-Re: HBase split policy
Jean-Marc Spaggiari 2013-01-22, 14:10
I SPLIT_POLICY is define the same way MAX_FILESIZE is.... So I think
it's a table attribut and can be altered... That's a good news! I will
probably try it.
Also, the admin.split(rowkey) is the way I will use until I'm able to
properly use/set the SPLIT_POLICY. I will simply (try to) count the
rows in a region, and split in the middle...
Thanks for the hint regarding the SPLIT_POLICY.
2013/1/22, ramkrishna vasudevan <[EMAIL PROTECTED]>:
>>>Also, last thing. If I want to change the default behaviour and split
>>>based on the row number instead of the midkey, can I hook somewhere?
> HTableDescriptor myHtd = new HTableDescriptor();
> So the region split policy can be changed only during table creation i
> suppose. (May be wrong, not sure anyother way out there).
> When i meant split based on row key my point was like use
> admin.split(rowkey). I will check more on your calculations and figures
> and get back to you.
> On Tue, Jan 22, 2013 at 7:17 PM, Jean-Marc Spaggiari <
> [EMAIL PROTECTED]> wrote:
>> Hi Anoop, Hi Ram,
>> Thanks for your replies.
>> I looked at the code and found in the HFileBlockIndex the midkey
>> function which is doing the computation used in the
>> Store.getSplitPoint() method.
>> Now, if all the keys are almost equals in size, and the table has only
>> one big 10GB region, if we lower the maxfilesize parameter to
>> something like 300MB, we should see only almost equals regions, right?

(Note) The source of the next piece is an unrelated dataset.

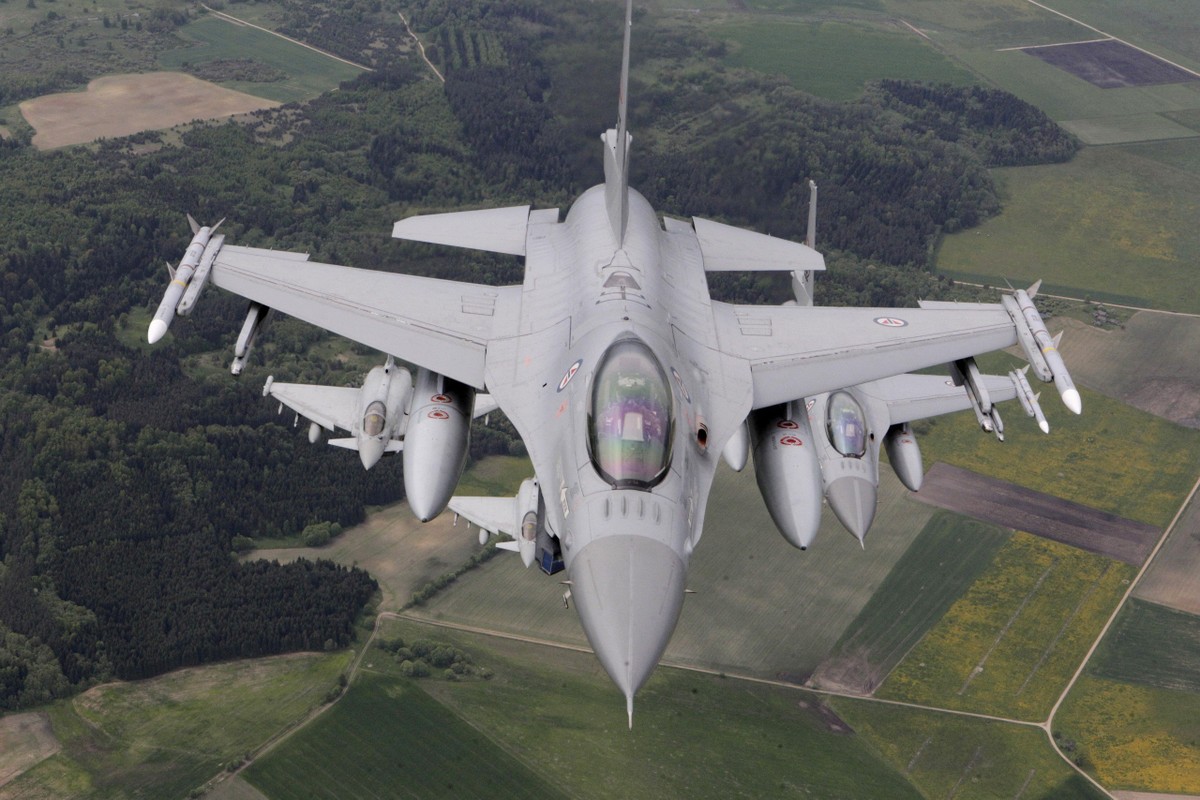 May bay F-16 co the la vu khi “buoc ngoat” cho Ukraine?-Hinh-19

>> It's not the result I got. So I'm trying to figure where I'm wrong.
>> Also, last thing. If I want to change the default behaviour and split
>> based on the row number instead of the midkey, can I hook somewhere?

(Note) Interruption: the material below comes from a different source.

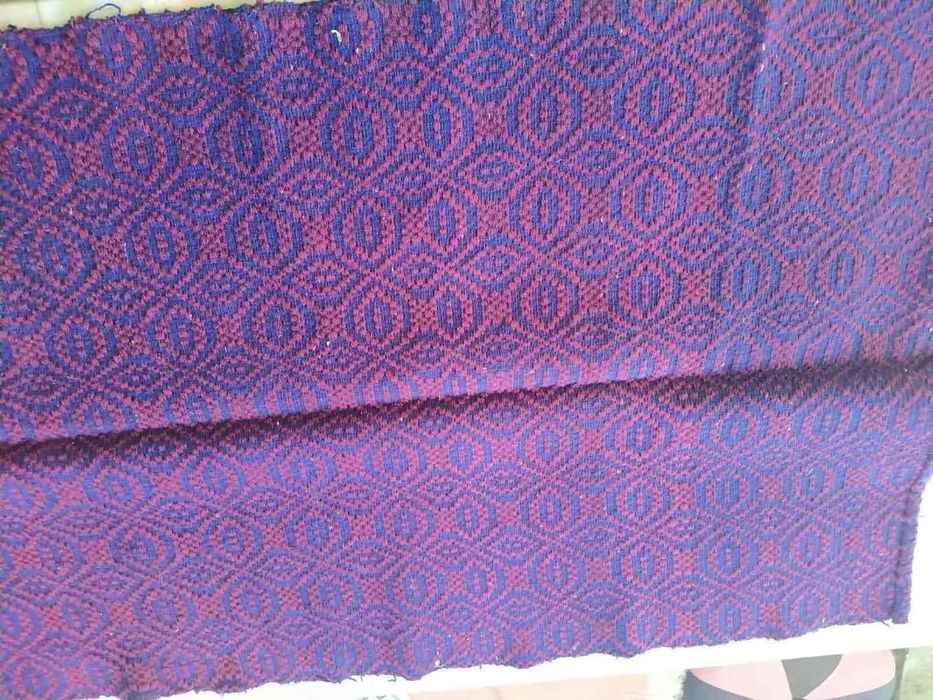 Тъкани пътеки/черги/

>> Or will I have to disable the default split (by setting the
>> maxfilesize to something like 20GB) and run a job to split the regions
>> 2013/1/22, ramkrishna vasudevan <[EMAIL PROTECTED]>:
>> > Hi Jean
>> > Before replying as to what i know, region splits can be configured too.
>> > Ok, now on how the split happens
>> > -> You can explicity ask the region to get splitted on a specific row
>> > If you know that splitting on that rowkey will yield you almost equal
>> > region sizes.
>> > -> Now when HBase tries to split, it just takes the midkey from the
>> > Here the midkey is the one that is the first key in the mid block of
>> > the
>> > HFile.
>> > Also the individual rows cannot be split. So if one row is nearly the
>> > of the region and other rows are smaller in size, it tries to find the
>> > block inside the HFile and the size of one the block is going to be
>> > very
>> > huge and that may be splitted as one region. I know this has to do
>> > with
>> > the internals of the splitting code.
>> > Regards
>> > Ram
>> > On Tue, Jan 22, 2013 at 5:12 PM, Jean-Marc Spaggiari <
>> > [EMAIL PROTECTED]> wrote:
>> >> Hi,
>> >> I'm wondering, what is HBase split policy.
>> >> I mean, let's imagine this situation.
>> >> I have a region full of rows starting from AA to AZ. Thousands of
>> >> hundreds. I also have few rows from B to DZ. Let's say only one
>> >> hundred.
>> >> Region is just above the maxfilesize, so it's fine.
>> >> No, I add "A" and store a very big row into it. Almost half the size
>> >> of my maxfilesize value. That mean it's now time to split this row.
>> >> How will HBase decide where to split it? Is it going to use the
>> >> lexical order? Which mean it will split somewhere between B and C? If
>> >> it's done that way, I will have one VERY small region, and one VERY
>> >> big which will still be over the maxfilesize and will need to be split
>> >> again, and most probably many times, right?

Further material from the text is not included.